◆ Problem description ◆
Using the listing below, print the line containing "Новинка: Herpa 562287", the line containing "150 Seymour Crescent photo 33", and each line between them, exactly and nothing else. Pictures stay out of the print.
** Records for processing follows **
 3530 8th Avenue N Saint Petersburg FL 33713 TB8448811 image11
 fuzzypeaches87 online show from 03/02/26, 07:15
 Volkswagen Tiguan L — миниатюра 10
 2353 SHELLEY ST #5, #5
** End of Records for processing **
** Records for processing follows **
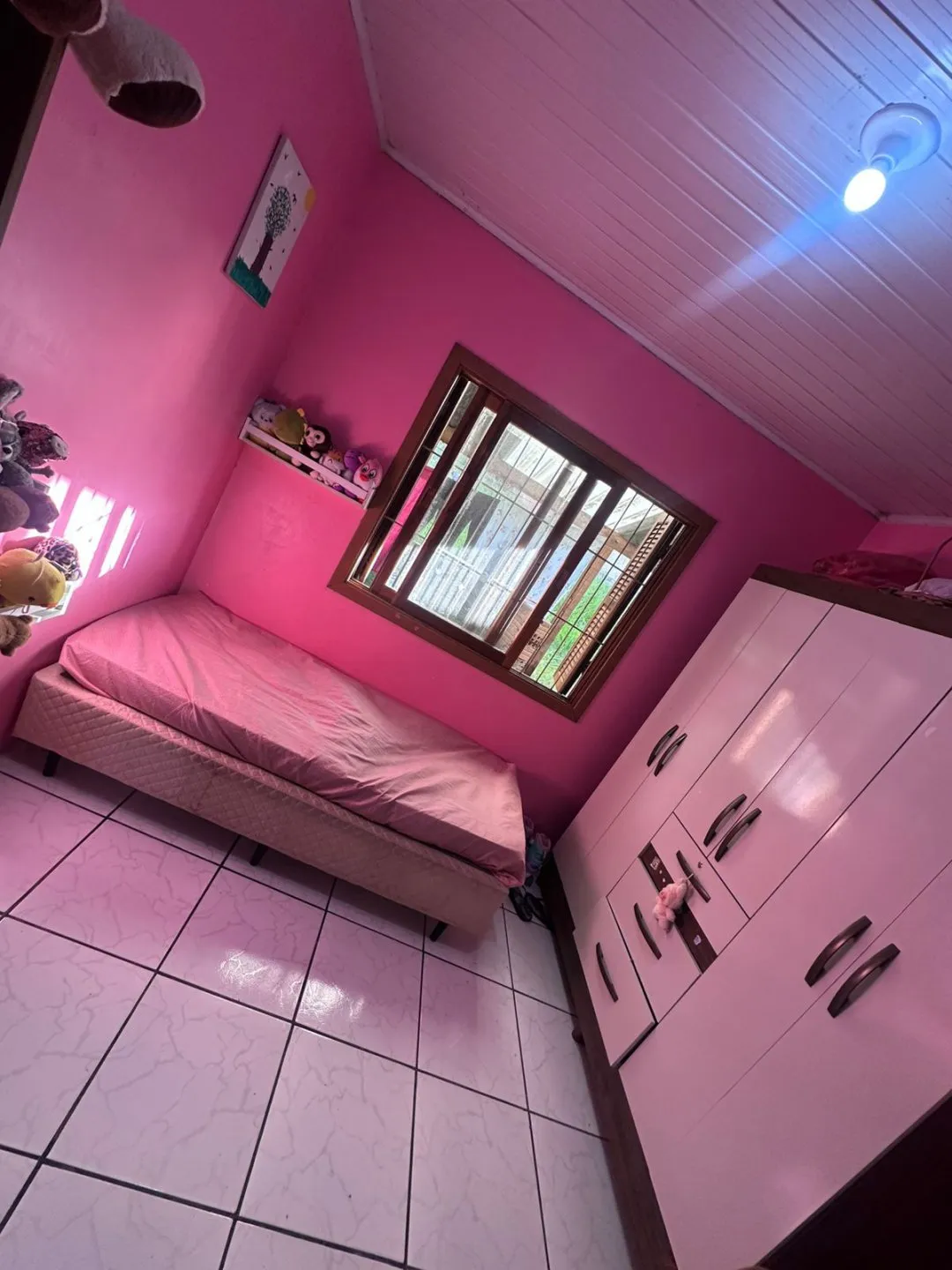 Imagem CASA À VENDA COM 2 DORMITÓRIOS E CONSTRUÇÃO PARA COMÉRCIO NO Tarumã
** End of Records for processing **
** Records for processing follows **
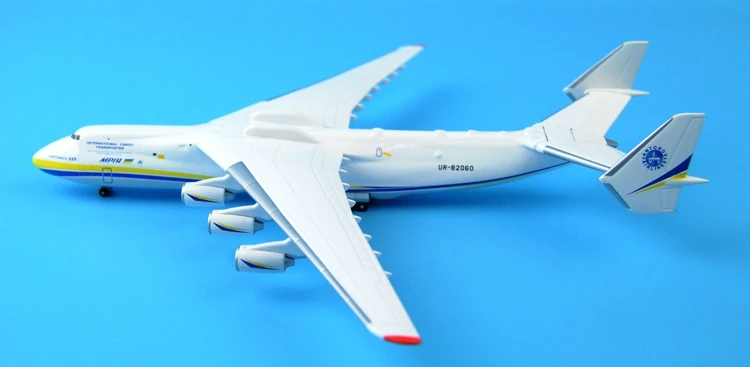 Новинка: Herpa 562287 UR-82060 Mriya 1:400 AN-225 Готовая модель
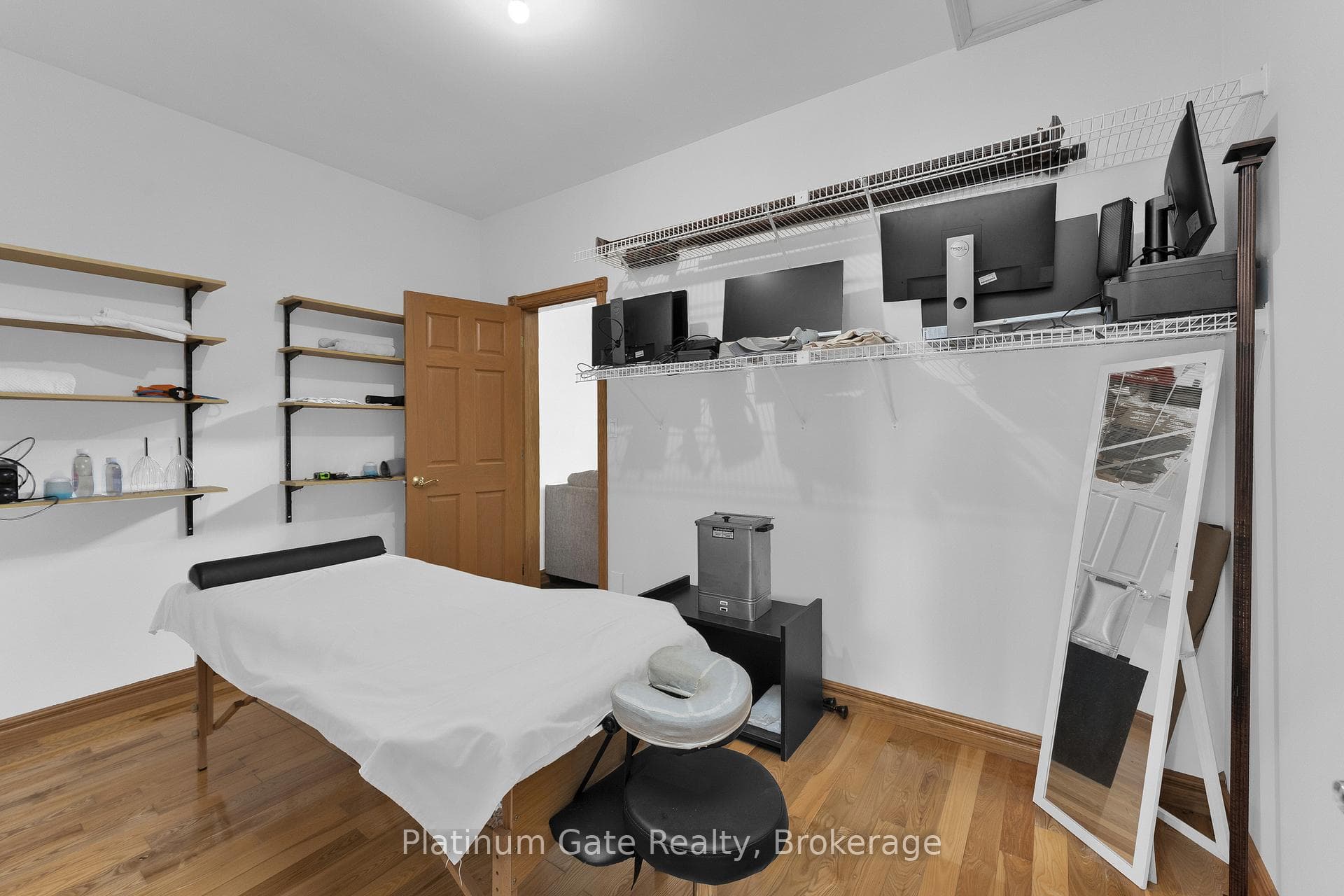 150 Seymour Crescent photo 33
** End of Records for processing **
◆ Solution to this exercise ◆
 Новинка: Herpa 562287 UR-82060 Mriya 1:400 AN-225 Готовая модель
 150 Seymour Crescent photo 33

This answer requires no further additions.